Nigeria joined the global community to mark the World Wildlife Day on Sunday with the theme, ‘Life Below Water: For People and Planet’.
The minister of Environment, Hassan Suleiman Zarma, at an event to mark the day in Abuja on Monday, called for more action from Nigerians and other stakeholders to preserve and protect oceans, seas and marines and the diverse species in them.
Zarma, who was represented by the acting permanent secretary, Bolatito Obisesan, said the richness of the ecosystems is important to the sustenance of human civilisation and development through the provision of food and nourishment, material for handicraft and construction of the air.
UN Secretary-General António Guterres said: “On this World Wildlife Day, let us raise awareness about the extraordinary diversity of marine life and the crucial importance of marine species to sustainable development. That way, we can continue to provide these services for future generations.”
The World Wildlife Day, according to the United Nations, is set aside to celebrate the beautiful and varied forms of wild fauna and flora and to raise awareness of the multitude of benefits that conservation provides to humans.
Also, the day is to remind governments of the urgent need to step up the fight against wildlife crime and human induced reduction of species, which have wide-ranging economic, environmental and social impacts.
While the need to raise awareness is vital, it is also important to note that the state of wildlife in Nigeria has not been impressive.
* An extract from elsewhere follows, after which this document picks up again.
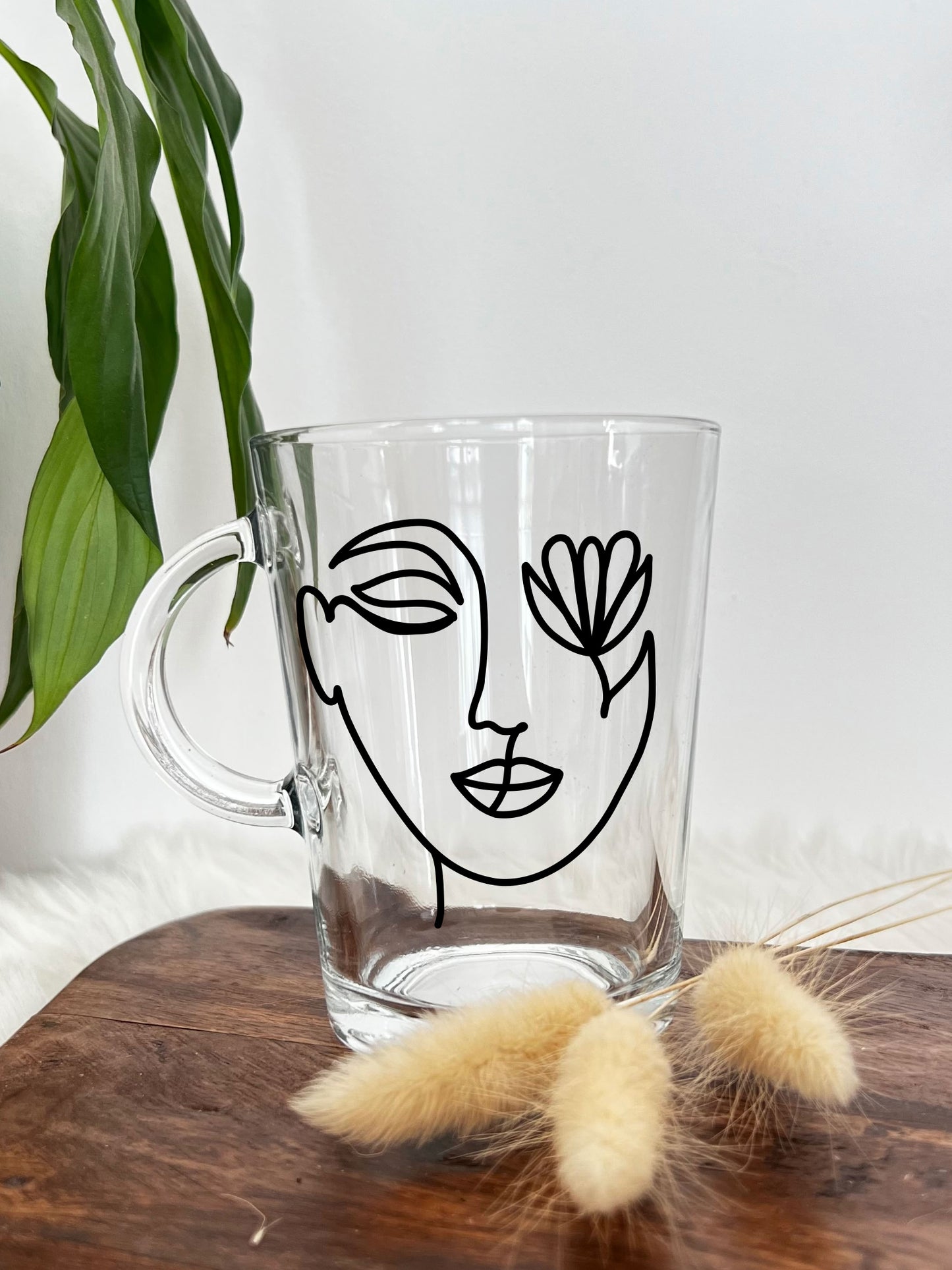 Tasse personnalisée - Mundesi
Like the rest of African countries, Nigeria is exploited and as a result, millions of biodiversity have been lost thus affecting the revenue that would have accrued from the sector.
The Head of Abuja office of Nigerian Conservation Foundation (NCF), Mohammed Boyi, told Daily Trust that the state of wildlife in Nigeria, especially when it is compared to pre-independence and immediately after independent remained pathetic.
Boyi said many species of both plants and animals are threatened and some no longer exist in the country.
“The rate at which we are exploiting wildlife in this country is not sustainable and the laws that were made to protect wildlife are obsolete and need to be reviewed.
“Apart from the unsustainable harvest of wildlife, another challenge is pollution where people litter/pollute the environment with plastic materials and this is causing havoc especially to aquatic life,” said Boyi.
The minister, Zarma, corroborated, saying despite the importance of the ecosystem, its services compound the perceived limitless nature of the oceans, seas and that marine living resources have been severely impacted by human activities including unregulated or poorly managed human activities, fishing and pollution.
A recent report by the African Union (AU) obtained by Daily Trust tagged, ‘Corruption and the Illicit Exploitation and Trade of Africa’s Natural Resources’, revealed that economically, corruption and illegal exploitation of wildlife deprive governments of revenue and taxes.
It said it also forced reallocation of limited funding away from conservation to addressing wildlife crime while in turn, corruption holds back effective law enforcement, at a significant cost to the public purse.
According to the AU, international illegal wildlife trade is the fourth largest illegal global trade (after drugs, counterfeiting and human trafficking) and estimated to be worth up to US$23 billion per year.
“In particular, nature and wildlife are hugely important to Africa’s booming travel and tourism industry, which contributed US$177.6 billion or 8.1% of Africa’s GDP in 2017. Travel and tourism also directly or indirectly supports nearly 23 million jobs, or 6.5% of total employment,” the report said.
“This illegal trade in wildlife and wildlife products threatens not only the survival of many endangered species but also the achievement of the Sustainable Development Goals: wildlife crime strengthens criminal networks, poses risks to global health, weakens national economies and undermines nature-based tourism, food security, social stability and community livelihoods,” the AU report said.
To retrace our steps to the right direction, Mohammed Boyi said: “We can achieve wildlife conservation in Nigeria especially if government and other stakeholders can unanimously agree to conduct serious massive sensitization of the entire Nigerian populace on the values and significance of wildlife.
“Local people should be encouraged to adopt the use of hunting quarter, hunting season and avoiding undertaking the activity in protected areas, because these are mechanisms or strategies that can be used to conserve wildlife so that local people can harvest to support their livelihood.”
He also said government should come up with laws and policies that will regulate the use of plastic materials especially in environments that are endowed with rich wildlife and biodiversity like the marine ecosystem.
Meanwhile, Environment minister Zarma has maintained that Nigeria is committed to unlocking the potentials of life below water for sustainable economic growth and a number of its programmes have been so designed and being implemented.
“The over-arching objective of these programmes is to build long-term resilience and generates business and economic opportunities while providing societal benefits as well as ensuring environmental sustainability,” he said.
The Conservator General of the National Park Service, Ibrahim Goni, said life is meaningless without wildlife.
“He said: “The park service has submitted a proposal for the establishment of 10 additional national parks including a marine park in Bayelsa State to ensure that ocean and marine species are adequately preserved and protected.”
AU however advised that corruption prevention is critical where wildlife is concerned and also the need to have strong institutions empowered to monitor and protect those who defend biodiversity.